Non passa ormai settimana senza che si debba fare i conti con un nuovo leak, tanto che per chi ne scrive rischia quasi di diventare una poco rassicurante consuetudine. Quello di cui si parla oggi non può però essere considerato la norma, per via delle mastodontiche dimensioni dell’archivio finito in Rete: una volta scompattati i file contenuti nella Collection #1-#6 arrivano a occupare 847 GB.
Collection #1-#6, uno sguardo all’archivio
Quasi 1 TB dunque, stracolmo di indirizzi email e password associate, 2,2 miliardi di credenziali utilizzate per l’accesso alle più svariate piattaforme online: da quelle per il cloud storage ai social, fino alle caselle di posta elettronica. Abbiamo dato uno sguardo all’interno di quello che definire pacchetto è quantomeno riduttivo e possiamo confermare che le informazioni sono autentiche: ci abbiamo trovato noi stessi, i nostri account e i codici segreti scelti per il login. Gli autori hanno pensato di semplificare il lavoro includendo un file Readme con alcune istruzioni per trovare in un attimo account specifici.
To search, please consider a command such as…
Nel documento anche l’invito a condividere la Collection il più a lungo possibile, attraverso i network peer-to-peer. Considerata la loro natura, qualsiasi tentativo di impedirne la distribuzione è destinato a risolversi in un nulla di fatto.
Please seed for as long as possible.
I dati sono racchiusi all’interno di archivi da decomprimere, alcuni con dimensioni pari a pochi MB, altri da diverse decine di GB.
In ognuna delle cartelle e sottocartelle ottenute al termine del processo si trovano i file con le credenziali. Parte dell’archivio è geolocalizzato ovvero contiene gli account legati a un paese specifico: ce ne sono anche relativi all’Italia.

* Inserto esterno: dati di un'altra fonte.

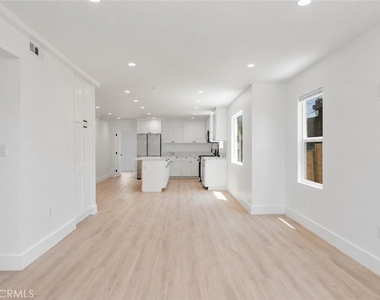 2338 S Cloverdale Avenue - Photo Thumbnail 5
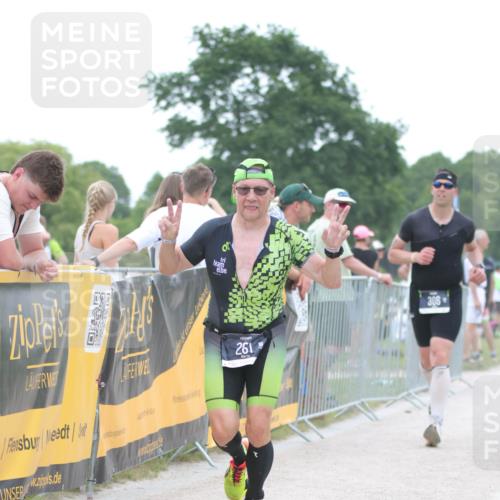 22.06.2025 - Viking Triathlon H.Heesch http://msf.ph/oto/8088746 22.06.2025 15:56:21 Laufen 261, 306 meine-sportfotos.de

Scorrendo l’elenco non ci stupiamo di come anche nel 2018 gli utenti del mondo online si siano confermati poco responsabili nella scelta della password, con il più classico degli “123456” che rimane saldamente ancorato al primo posto nella non invidiabile classifica di quelle peggiori.
Cosa fare?
Leak o non leak, la prima e più importante regola da seguire non cambia: scegliere una password solida, che non possa essere facilmente indovinata (i nomi di partner, figli o la squadra del cuore sono pessime opzioni), modificandola con regolarità. Va infatti precisato che buona parte dei dati contenuti nelle release della Collection fin qui distribuite (ne arriveranno quasi certamente altre) proviene da violazioni di servizi online messe a segno anni fa. Chi di recente ha già provveduto a scegliere un nuovo codice di accesso può ritenersi al sicuro.
Abilitare inoltre sempre, quando consentito, l’autenticazione a due fattori. In questo modo viene chiesta un’azione aggiuntiva rispetto al solo invio dell’accoppiata user-password per portare a termine il login, ad esempio un’interazione con lo smartphone o l’inserimento di un codice ricevuto via SMS.
In alternativa è possibile affidarsi a una delle tante soluzioni password manager in circolazione che generano e salvano in modo del tutto automatico le stringhe, su computer e dispositivi mobile. L’offerta è varia, sia per chi è disposto a mettere mano al portafogli sia per chi invece preferisce alternative free. Tutto questo in attesa che sistemi come Security Key e altri dispositivi fisici rendano l’odierno codice alfanumerico qualcosa di obsoleto e da non rimpiangere.
Per capire se i propri account siano stati compromessi o meno ci si può inoltre affidare a strumenti come Have I Been Pwned? o HPI Identity Leak Checker che in pochi istanti restituiscono un feedback tenendo conto di username e password interessati dai vari leak, compreso quello monstre di cui si parla oggi.